Accusation of bias taints McBride
Independent Police Investigative Directorate (Ipid) head Robert McBride (pictured) has been accused of protecting a provincial head who is facing charges of breaching processes by recommending her son for the position of senior investigator.
McBride allegedly lifted the suspension of Ipid Gauteng head Azande Ntshangase, which means she will not face internal disciplinary processes for allegedly abusing authority, dishonesty and contravening the code of conduct on the hiring of staff.
McBride lifted the suspension when he returned to work in October after his 16-month suspension after allegations that he falsified a report claiming that former Hawks unit head Anwa Dramat was innocent of the unlawful renditions of Zimbabwean nationals.

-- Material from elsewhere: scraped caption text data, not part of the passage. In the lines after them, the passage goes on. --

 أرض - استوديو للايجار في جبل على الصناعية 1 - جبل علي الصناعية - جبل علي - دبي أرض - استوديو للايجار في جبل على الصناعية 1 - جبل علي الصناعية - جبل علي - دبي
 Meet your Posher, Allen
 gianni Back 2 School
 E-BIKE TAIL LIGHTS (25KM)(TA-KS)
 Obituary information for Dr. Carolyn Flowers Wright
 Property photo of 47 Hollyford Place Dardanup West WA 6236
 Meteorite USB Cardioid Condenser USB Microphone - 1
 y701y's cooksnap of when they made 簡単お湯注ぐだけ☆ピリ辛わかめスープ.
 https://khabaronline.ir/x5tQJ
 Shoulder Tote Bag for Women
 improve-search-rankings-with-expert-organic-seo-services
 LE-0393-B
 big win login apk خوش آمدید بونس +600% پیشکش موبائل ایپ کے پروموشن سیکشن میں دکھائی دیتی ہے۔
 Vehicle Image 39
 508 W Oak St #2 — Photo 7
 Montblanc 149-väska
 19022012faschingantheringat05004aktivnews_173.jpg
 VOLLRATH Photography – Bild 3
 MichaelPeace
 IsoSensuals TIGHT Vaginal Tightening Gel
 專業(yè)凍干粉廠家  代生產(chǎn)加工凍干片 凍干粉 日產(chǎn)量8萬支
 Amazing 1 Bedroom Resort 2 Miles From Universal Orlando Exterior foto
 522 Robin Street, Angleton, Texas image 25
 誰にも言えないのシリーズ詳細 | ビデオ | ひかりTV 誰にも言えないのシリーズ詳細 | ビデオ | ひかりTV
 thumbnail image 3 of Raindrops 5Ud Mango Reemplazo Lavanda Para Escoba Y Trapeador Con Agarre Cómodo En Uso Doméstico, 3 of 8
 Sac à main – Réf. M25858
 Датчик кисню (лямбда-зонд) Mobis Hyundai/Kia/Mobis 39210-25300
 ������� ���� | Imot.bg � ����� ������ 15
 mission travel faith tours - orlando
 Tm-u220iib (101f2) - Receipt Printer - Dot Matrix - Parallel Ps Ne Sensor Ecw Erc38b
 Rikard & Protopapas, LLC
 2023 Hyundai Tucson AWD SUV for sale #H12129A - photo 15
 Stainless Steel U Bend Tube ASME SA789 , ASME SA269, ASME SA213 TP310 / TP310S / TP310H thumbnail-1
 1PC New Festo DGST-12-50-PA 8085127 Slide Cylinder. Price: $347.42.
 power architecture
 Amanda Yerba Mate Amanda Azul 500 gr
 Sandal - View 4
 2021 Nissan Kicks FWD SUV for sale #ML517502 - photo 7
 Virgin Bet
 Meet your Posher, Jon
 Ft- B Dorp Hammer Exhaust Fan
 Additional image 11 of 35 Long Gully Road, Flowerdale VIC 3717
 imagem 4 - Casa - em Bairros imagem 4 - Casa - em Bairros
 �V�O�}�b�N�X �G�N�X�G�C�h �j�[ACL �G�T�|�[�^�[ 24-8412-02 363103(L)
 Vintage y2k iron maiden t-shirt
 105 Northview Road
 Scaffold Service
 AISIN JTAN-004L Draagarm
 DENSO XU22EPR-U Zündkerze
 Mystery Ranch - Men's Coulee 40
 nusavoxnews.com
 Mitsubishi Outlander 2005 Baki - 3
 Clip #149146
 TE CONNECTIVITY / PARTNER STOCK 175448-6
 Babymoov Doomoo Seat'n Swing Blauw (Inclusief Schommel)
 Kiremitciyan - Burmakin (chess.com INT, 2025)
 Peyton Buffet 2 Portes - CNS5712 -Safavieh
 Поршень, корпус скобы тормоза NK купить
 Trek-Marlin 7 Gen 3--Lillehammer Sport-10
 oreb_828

Ipid spokesperson Moses Dlamini said McBride had indicated in his letter to staff, dated October 19 2016, that he would review the transfers and disciplinary actions that were conducted in his absence.
“Accordingly, he took advice and withdrew the malicious disciplinary actions and transfers, which were pursued with ulterior purposes,” Dlamini said.
McBride’s role in the setting aside of Ntshangase’s suspension came into the open this week when the directorate’s Gauteng investigations director, Daniel Morema, divulged details of the matter after he resigned.
Morema said he faced “intolerable victimisation” at Ipid and could not have revealed this information while in the directorate’s employ.
He told City Press that he was assigned to investigate Ntshangase after a whistle-blower complained to the Public Service Commission in 2015 about nepotism. “Ntshangase was suspended in 2015, but she did not attend any disciplinary hearings because she always gave excuses that she was sick. When McBride came back, he lifted her suspension despite all the evidence against her,” Morema said.
According to the charge sheet, Ntshangase was charged for failing to disclose to then acting Ipid executive director Israel Kgamanyane that Maqhawe Dlodlo was her biological son when he was recommended for a senior investigator post in 2015.
Ntshangase, the charge sheet says, took over the administration process for the recruitment of an investigator and prepared the interview programme without involving a human resources administrator.
“The programme prepared by yourself,” reads the charge sheet, “included your son as one of the candidates grouped only with external candidates in order to advantage him.”
Dlodlo’s imminent employment, though he had scored the highest marks among the candidates, was halted pending an investigation into his mother’s role. He was eventually not employed.
Other charges against Ntshangase included gross dishonesty and contravention of the public service code of conduct for failing to disclose her personal relationship with two more candidates – a secretary and an administration clerk – and accepting their statements that they had previously worked with her at the SA Police Service when they had not. Ntshangase said her son had made the decision to apply for the post and she could not have stopped him. “My son was never appointed and I was not on the panel,” she said. “I never pleaded to any charges. The first chairperson of the disciplinary committee was asked to recuse himself because he was recorded talking about my case, and by the time they got a new chairperson, McBride had come back. McBride asked Kgamanyane to give a report on all the disciplinary and other issues and he refused. I got a call to come back to work and I complied,” Ntshangase said. However, documents that include affidavits indicate that officials felt that Ntshangase was biased in favour of her son over the other candidates. One document shows that she completed a reference check for Dlodlo’s competencies, while another indicates that she recommended her son’s appointment. Dlamini confirmed that McBride asked Kgamanyane for a handover report to understand the “rationale for the numerous transfers, suspensions and disciplinary actions against Ipid staff”, but he refused.